(Saved data entries)
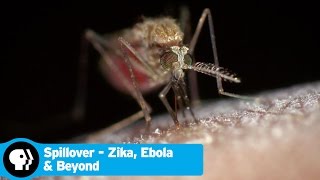 SPILLOVER  ZIKA EBOLA amp BEYOND  Trailer  PBS [upl. by Assenaj]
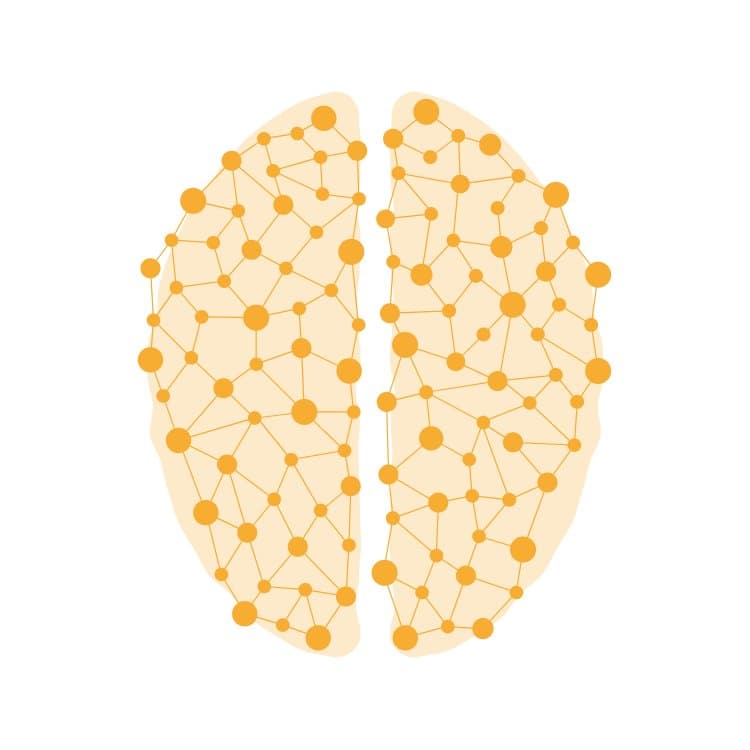 Synapse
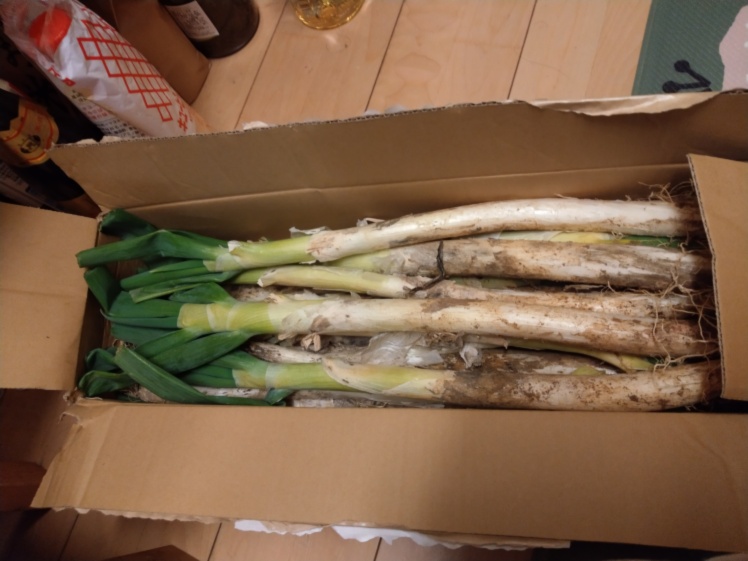 収穫当日に発送 毎日お家で新鮮ネギ３kg２５本 １カ月保存可 農家漁師から産地直送の通販 ポケットマルシェ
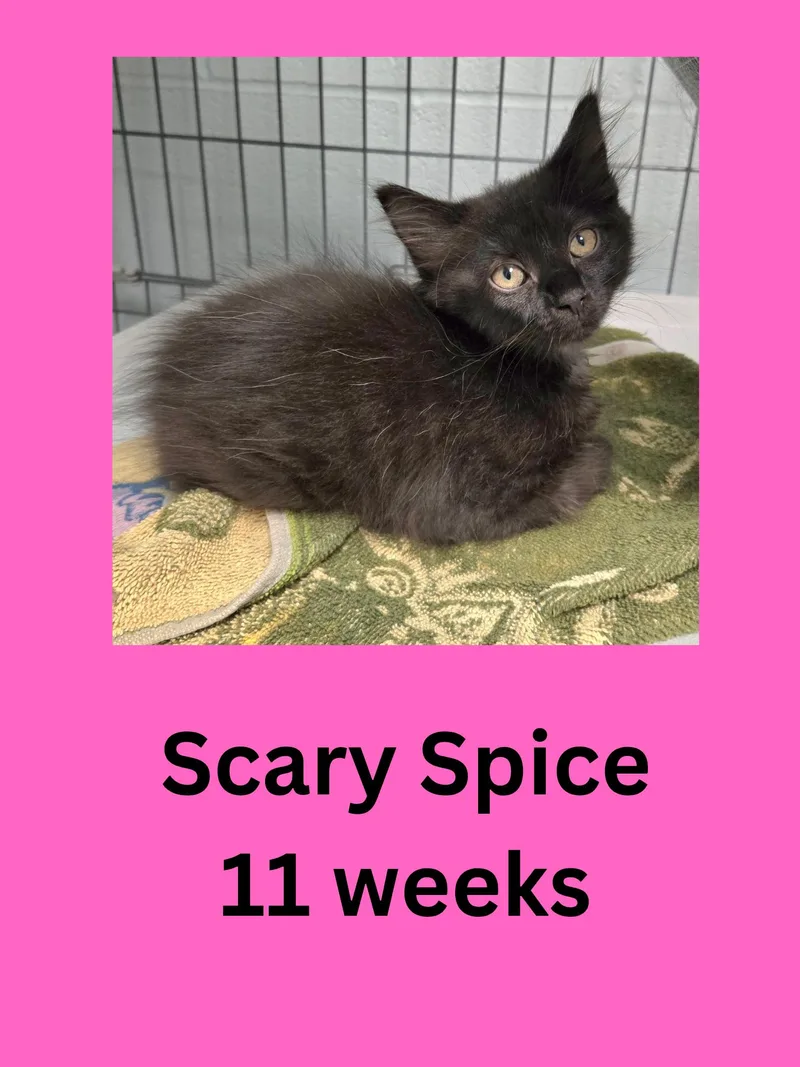 A baby small-sized female Black Domestic Medium Hair cat named Scary Spice for adoption in Ravenna, OH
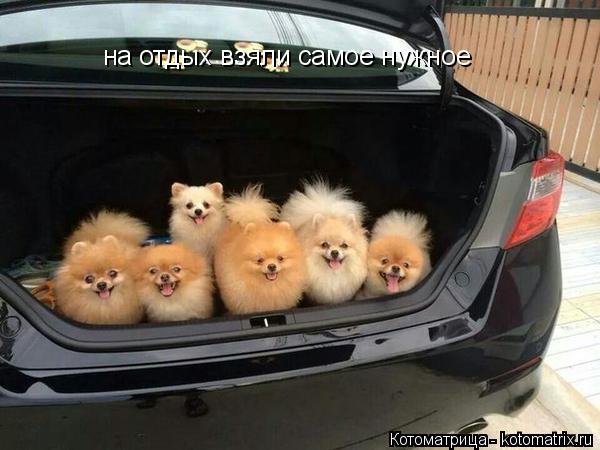 Котоматрица: на отдых взяли самое нужное
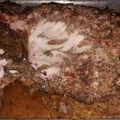 El cooksnap de jennifer Alberti cuando hizo Pernil al horno o leña.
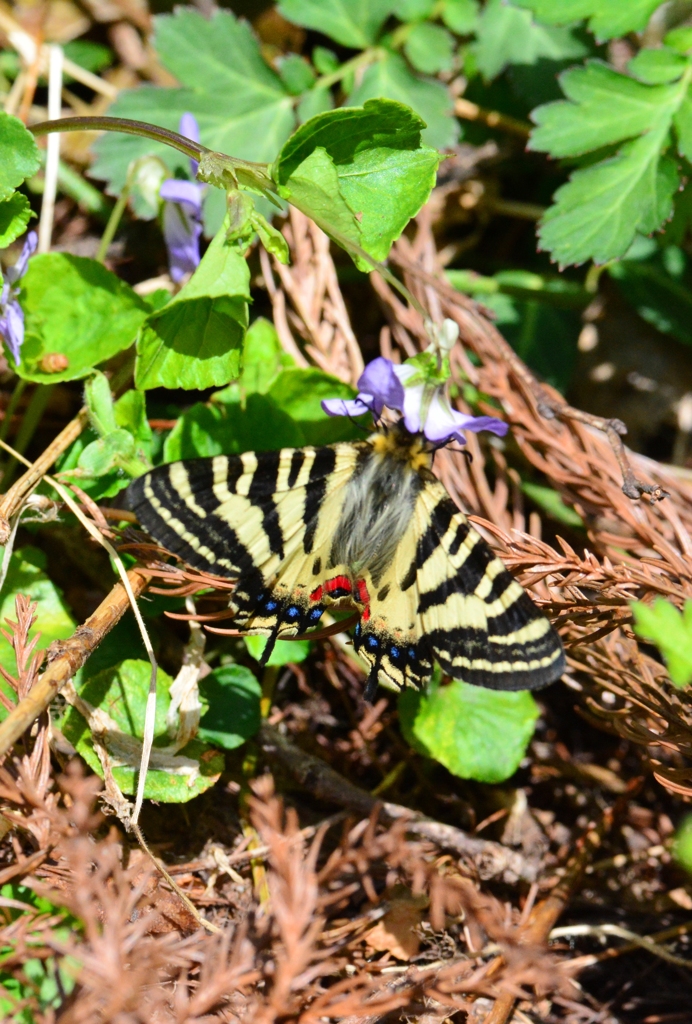 ヒメギフチョウ DFS_7229.1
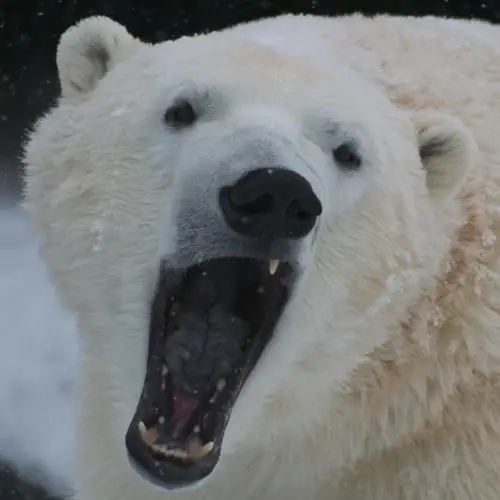 Deadly Two-Week Polar Bear Siege On Remote Russian Base Comes To Dramatic Conclusion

## About this task
Print every entry exactly. Pictures are not part of the copy.

## Answer to this exercise
 SPILLOVER  ZIKA EBOLA amp BEYOND  Trailer  PBS [upl. by Assenaj]
 Synapse
 収穫当日に発送 毎日お家で新鮮ネギ３kg２５本 １カ月保存可 農家漁師から産地直送の通販 ポケットマルシェ
 A baby small-sized female Black Domestic Medium Hair cat named Scary Spice for adoption in Ravenna, OH
 Котоматрица: на отдых взяли самое нужное
 El cooksnap de jennifer Alberti cuando hizo Pernil al horno o leña.
 ヒメギフチョウ DFS_7229.1
 Deadly Two-Week Polar Bear Siege On Remote Russian Base Comes To Dramatic Conclusion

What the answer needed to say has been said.